While the 2-category ANOVA test is identical to a 2-tailed t-test, performing multiple t-tests leads to the multiple comparisons problem. To investigate this, look at the various sample groups you could create from the 2 features: 

In [70]:
for group in df.groupby(['supp', 'dose'])['len']:
    group_name = group[0]
    data = group[1]
    print(group_name)

('OJ', 0.5)
('OJ', 1.0)
('OJ', 2.0)
('VC', 0.5)
('VC', 1.0)
('VC', 2.0)


While bad practice, examine the effects of calculating multiple t-tests with the various combinations of these. To do this, generate all combinations of the above groups. For each pairwise combination, calculate the p-value of a 2-sided t-test. Print the group combinations and their associated p-value for the two-sided t-test.

In [71]:
# Their code:
# Reuse your t-test code above to calculate the p-value for a 2-sided t-test
# for all combinations of the supplement-dose groups listed above. 
# (Since there isn't a control group, compare each group to every other group.)

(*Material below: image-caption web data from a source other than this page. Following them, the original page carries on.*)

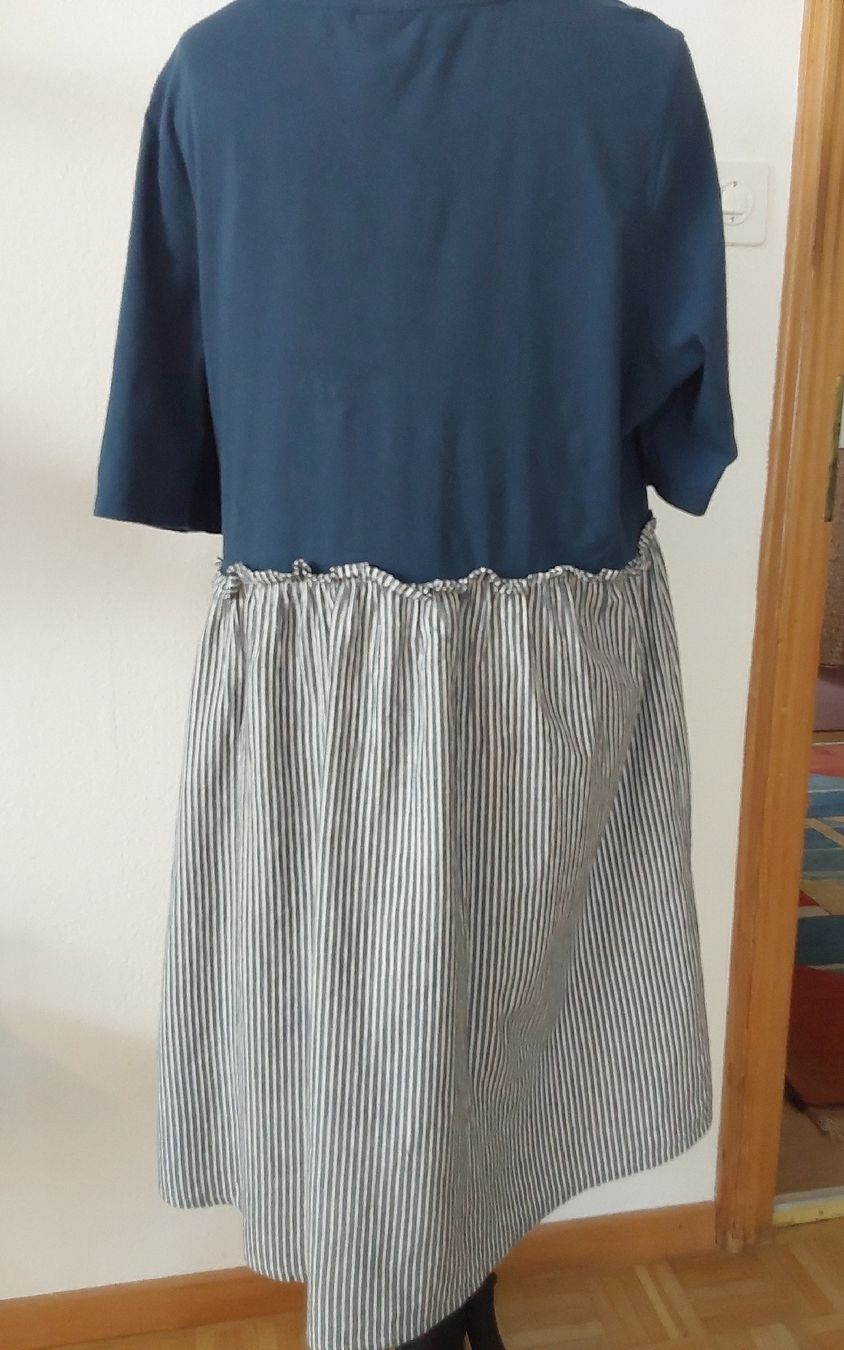 Vestiti: Kleid Junarose 46-48 blau – Nuovo (secondo la descrizione) da Köniz venduto da scopello12 4
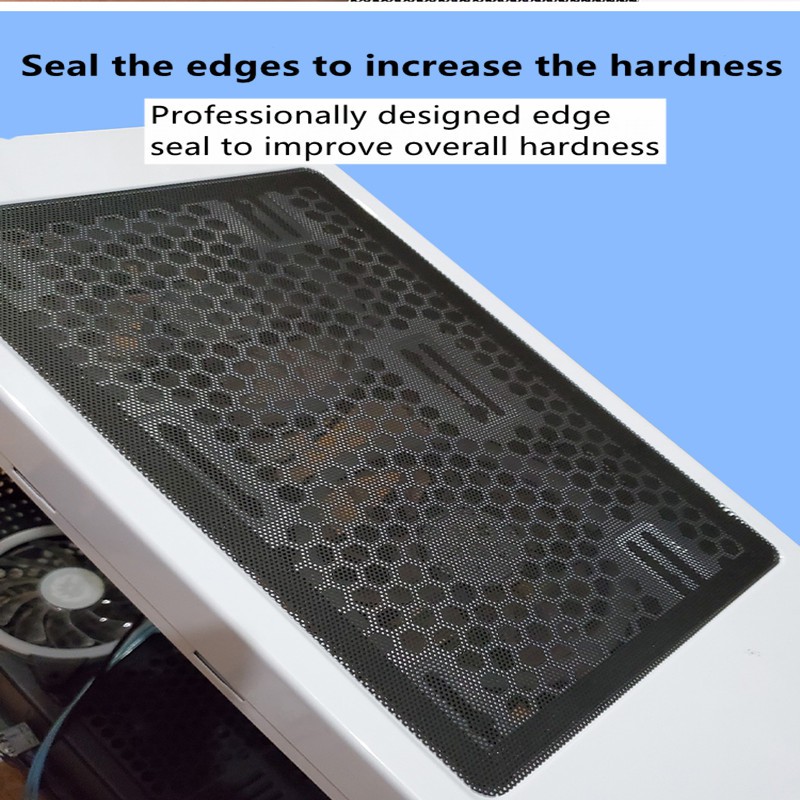 14*28 12*36cm Computer PC Case Cooling Fan Magnetic Dust Filter Mesh ...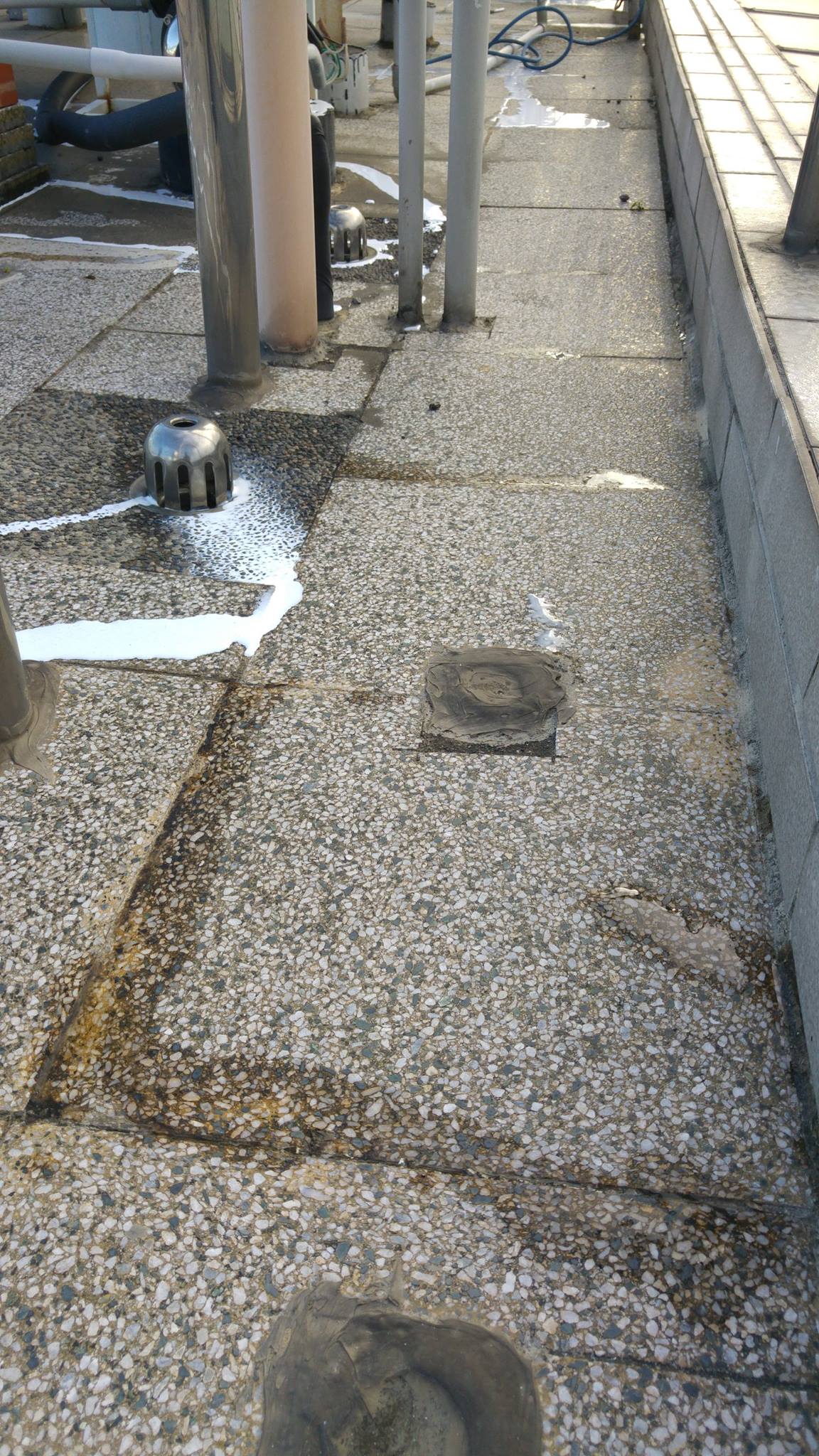 台南民宅屋頂防水抓漏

from itertools import combinations

groups = [group[0] for group in df.groupby(['supp', 'dose'])['len']]
combos = combinations(groups, 2)
for combo in combos:
    supp1 = combo[0][0]
    dose1 = combo[0][1]
    supp2 = combo[1][0]
    dose2 = combo[1][1]
    sample1 = df[(df.supp == supp1) & (df.dose == dose1)]['len']
    sample2 = df[(df.supp == supp2) & (df.dose == dose2)]['len']
    p = stats.ttest_ind(sample1, sample2, equal_var=False)[1]
    print(combo, p)

    # Note that while ANOVA also concluded that all factors were significant, 
    # these p-values are substantially lower.

(('OJ', 0.5), ('OJ', 1.0)) 8.784919055161479e-05
(('OJ', 0.5), ('OJ', 2.0)) 1.3237838776972294e-06
(('OJ', 0.5), ('VC', 0.5)) 0.006358606764096813
(('OJ', 0.5), ('VC', 1.0)) 0.04601033257637553
(('OJ', 0.5), ('VC', 2.0)) 7.196253524006043e-06
(('OJ', 1.0), ('OJ', 2.0)) 0.039195142046244004
(('OJ', 1.0), ('VC', 0.5)) 3.6552067303259103e-08
(('OJ', 1.0), ('VC', 1.0)) 0.001038375872299884
(('OJ', 1.0), ('VC', 2.0)) 0.09652612338267014
(('OJ', 2.0), ('VC', 0.5)) 1.3621396478988818e-11
(('OJ', 2.0), ('VC', 1.0)) 2.3610742020468435e-07
(('OJ', 2.0), ('VC', 2.0)) 0.9638515887233756
(('VC', 0.5), ('VC', 1.0)) 6.811017702865016e-07
(('VC', 0.5), ('VC', 2.0)) 4.6815774144921145e-08
(('VC', 1.0), ('VC', 2.0)) 9.155603056638692e-05


## Summary

In this lesson, you implemented the ANOVA technique to generalize testing methods to multiple groups and factors.